Starting this week, Portlanders will be able to shop for more than 20 products in reusable containers at 25 Kroger-owned Fred Meyer grocery stores in the Portland metro area. Stubb's barbecue sauce, Nature's Path granola, Pantene shampoo and conditioner and Clorox wipes are just a handful of the offerings.
Loop worked with about 10 brands behind the products to get them "Loop ready" by identifying durable, reusable packaging that is appropriate for their products and the Loop cleaning processes, as well as for the brands’ refill processes.
We are giving consumers what they’ve been asking for since Loop was introduced in 2019.
From there, Loop, the brands and Kroger determined how the items will be displayed in store, the amount of the deposit on the packaging and the location of the return bins. For the Fred Meyer pilot, they will be outside in front of the stores.
"I think that the model is pretty straightforward," said Lisa Zwack, head of sustainability at Kroger. "[The planning process was] about bringing it to life in the context of brick and mortar retail and our business specifically, and then making sure that the brands are ready to go and be part of that ecosystem."
Here’s how the process works for customers: Once they’ve selected their items, they check out at the regular register, including paying the deposits for packaging. When they finish using the product, they have two options: Keep the packaging or return it at one of the 25 participating Fred Meyer stores. If choosing the second option, the customer scans the product using the Loop mobile app before putting it into the collection bin, which will be serviced weekly. Once Loop has serviced the bin and sorted through the returned packaging, it will return the deposit to the customer.

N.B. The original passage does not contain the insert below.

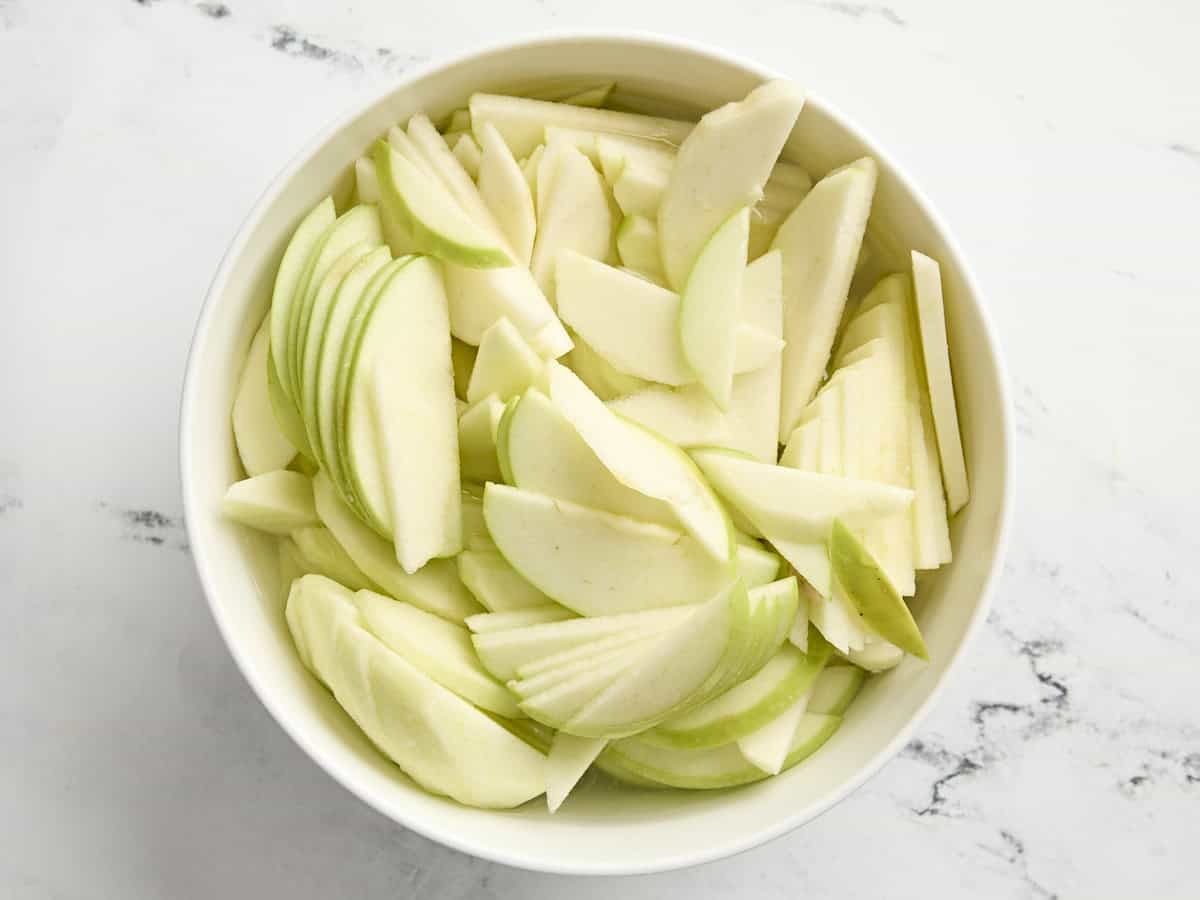 Sliced granny smith apples in a mixing bowl.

Loop previously launched in-store reuse with partners in other parts of the world — including Carrefour in France, Aeon in Japan and Tesco in the United Kingdom. Zwack said getting all of the pieces into place was seamless because of Loop’s experiences with previous in-store launches.

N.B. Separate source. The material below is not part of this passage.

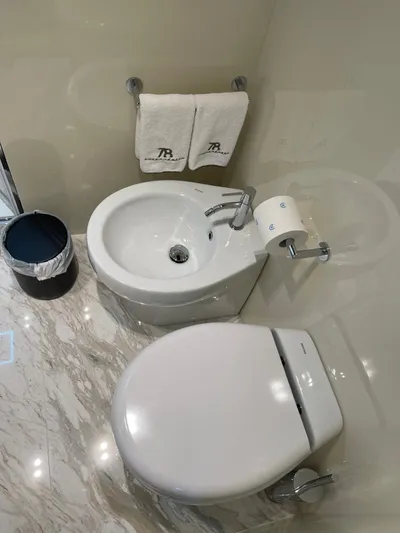  Yacht Photos Pics Luxury bathroom in 2022 Cranchi Settantotto 78 yacht with modern fixtures and elegant design.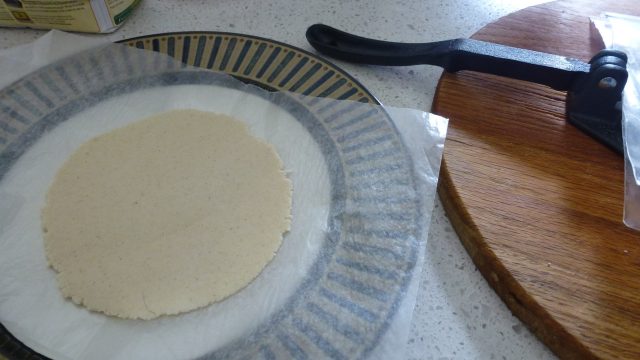 Just pressed gluten free corn tortillas ready to be fried.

"Loop’s goal has always been to grow, scale and be accessible to consumers around the world," said Tom Szaky, founder and CEO of TerraCycle and Loop, in a statement about the expansion. "We are giving consumers what they’ve been asking for since Loop was introduced in 2019 — the ability to purchase the products they use every day in durable, reusable containers, with the convenience of shopping at their local market."
To ensure that the pilot, slated to run for about six months, succeeds, Kroger will have Loop ambassadors in the store during peak shopping hours to raise awareness about the reuse program and answer customer questions about how it works. (That is in addition to visual displays at the end of the aisles that illustrate the Loop process.) The ambassadors will also be collecting feedback from customers "to further understand their perceptions, reactions and appetite for this model," according to Zwack.
She noted that Kroger is committed to looking for scalable solutions that align with its zero-waste vision to create "communities free from waste and hunger by 2025." This pilot is part of an effort toward achieving that goal.
"We're really eager to learn from the pilots, and then figure out what potential next steps could look like," Zwack said.